**ABOUT THIS TASK**
Only a verbatim restatement of the lines from the one with "Update is completed." through the end of the listing below is wanted. Pictures should be left out.

**INFORMATION PROVIDED**
· · · · ·
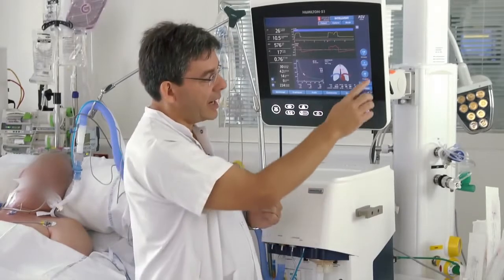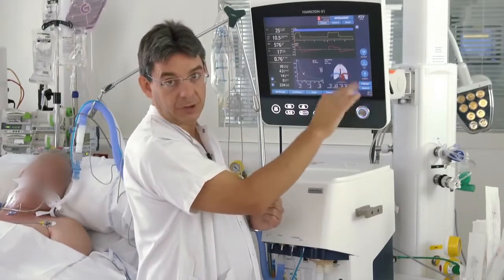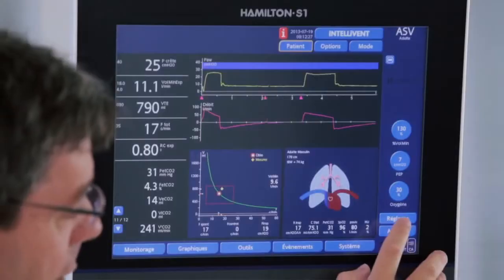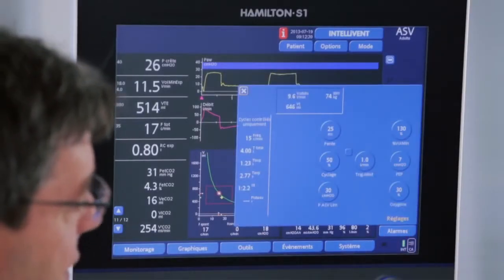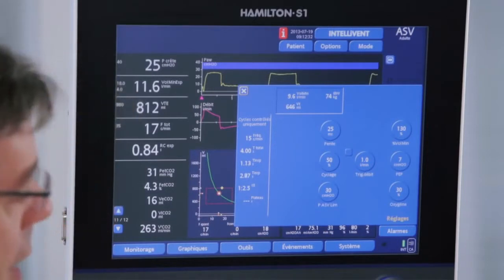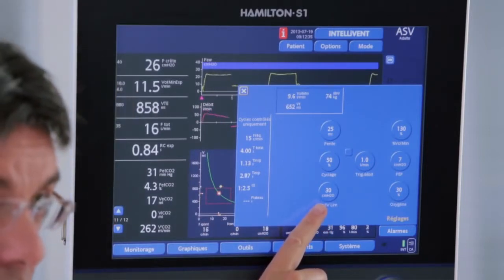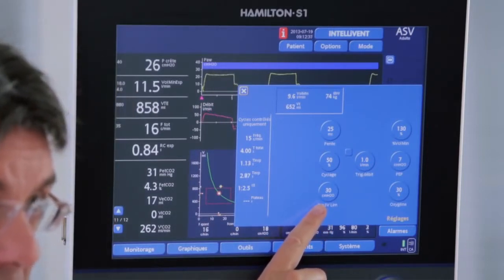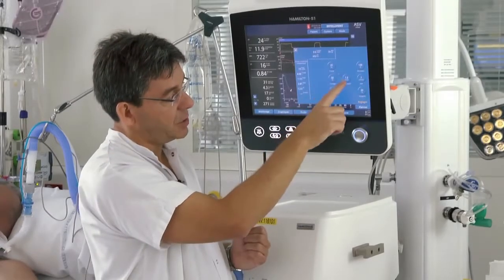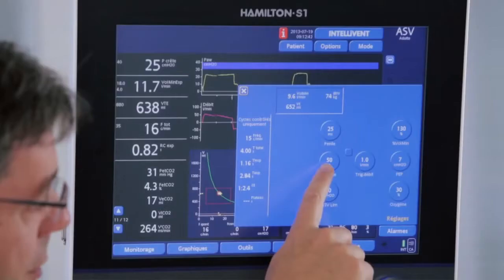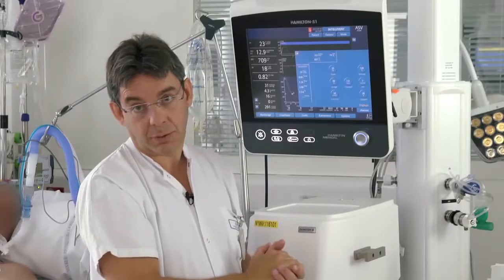In ASV, the oxygenation parameters — PIP and FiO2 — are manually set. In the settings we also have to set the maximum pressure limit, the inspiratory trigger, expiratory trigger, and pressure round.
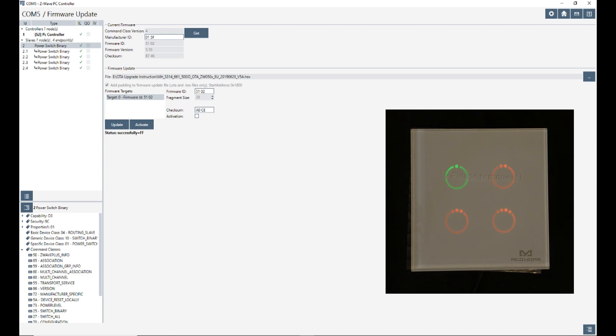Update is completed. After updating is completed, we have to click on activate.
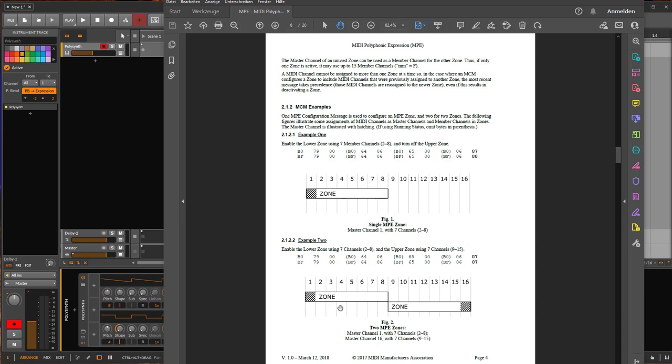And you could also have in this protocol up to two zones. So this is a screenshot from the actual specification of the protocol. As you see here, you have the 16 MIDI channels. And why you have only 15 if you use only one zone is that for each zone you need such a control channel where you send control messages.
· · · · ·
**EXERCISE RESULT**
Update is completed. After updating is completed, we have to click on activate.
And you could also have in this protocol up to two zones. So this is a screenshot from the actual specification of the protocol. As you see here, you have the 16 MIDI channels. And why you have only 15 if you use only one zone is that for each zone you need such a control channel where you send control messages.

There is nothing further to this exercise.